Проживем жизнь, завершающуюся смертью, и узнаем вместе, что будет потом.
– Никогда! – взвизгнула она. – Я никогда не умру. Ты говоришь о радости, а я вижу твое разрушающееся лицо, и меня тошнит – морщины вокруг глаз и, конечно, под шлемом седина пожирает твои волосы, как раковая опухоль. По человеческим меркам сколько тебе теперь? Тридцать? Сорок? Скоро ты начнешь дряхлеть. Зубы сгниют. Молодые люди будут отталкивать тебя, насмехаться над тобой. А потом ты рухнешь наземь и черви съедят твои глаза. Как ты мог? Как ты мог пойти на такое?
– Все умирает, любовь моя. Даже миры.
– Не говори мне о любви, ты меня никогда не любил. Только один человек любил меня всегда, и я вернула его из могилы. Вот что такое власть, Кулейн.
Гильгамеш снова со мной. – Торжество в ее глазах заставило его попятиться.
– Это невозможно!
– Из века в век я сохраняла его тело в сиянии пяти камней. Я изучала, я постигала. И вот добилась. Уходи, умри где-нибудь, Кулейн, а я найду твое тело и воскрешу его. И ты будешь моим.
– Я отправляюсь на Скитис, Горойен, – сказал он негромко. – Я уничтожу твою власть.
И она засмеялась звонким насмешливым смехом, вызвавшим краску на его щеках.
– Ах, ты явишься там! Прежде это наполнило бы мое сердце ужасом, но не теперь. Пожилой, дряблеющий, стареющий мужчина явится бросить вызов Гильгамешу? Ты понятия не имеешь, как часто он говорит о тебе, как грезит, что убьет тебя. Ты думаешь выстоять против него? Я покажу тебе, как твоя надменность тебя предала. Ты всегда любил схватки с тенями, так поиграй еще раз. – Она взмахнула правой рукой, воздух замерцал, и перед Кулейном встал высокий воин с золотыми волосами и блестящими зелено-синими глазами. В руках у него были изогнутый меч и кинжал. – Вот Гильгамеш, каким он некогда был.
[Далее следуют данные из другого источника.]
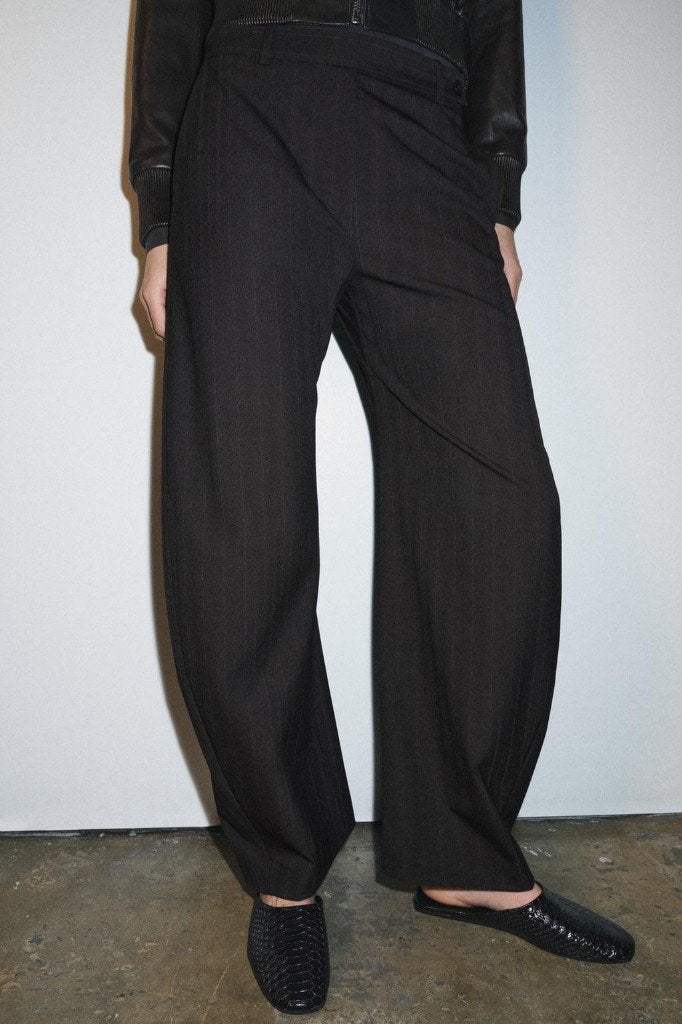 Zara pantalon met krijtstreep., Kleding | Dames, Overige kleuren, Zara, Maat 46/48 (XL) of groter, Nieuw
Воин прыгнул вперед. Кулейн подхватил копье, повернул древко и вытащил спрятанный внутри меч. Он только-только успел отразить свирепый удар. Затем второй… и еще… и еще. Кулейн сражался со всем опытом столетий, но Горойен была права: его стареющее тело уже не могло противостоять вихрю, имя которого было Гильгамеш, Владыка Битв. Кулейн в отчаянии поставил все на карту: повернулся на пятке в маневре, которому научил Туро. Его противник отпрыгнул влево, уклонившись от выставленного локтя Кулейна, и холодный клинок погрузился под ребра Воина Тумана.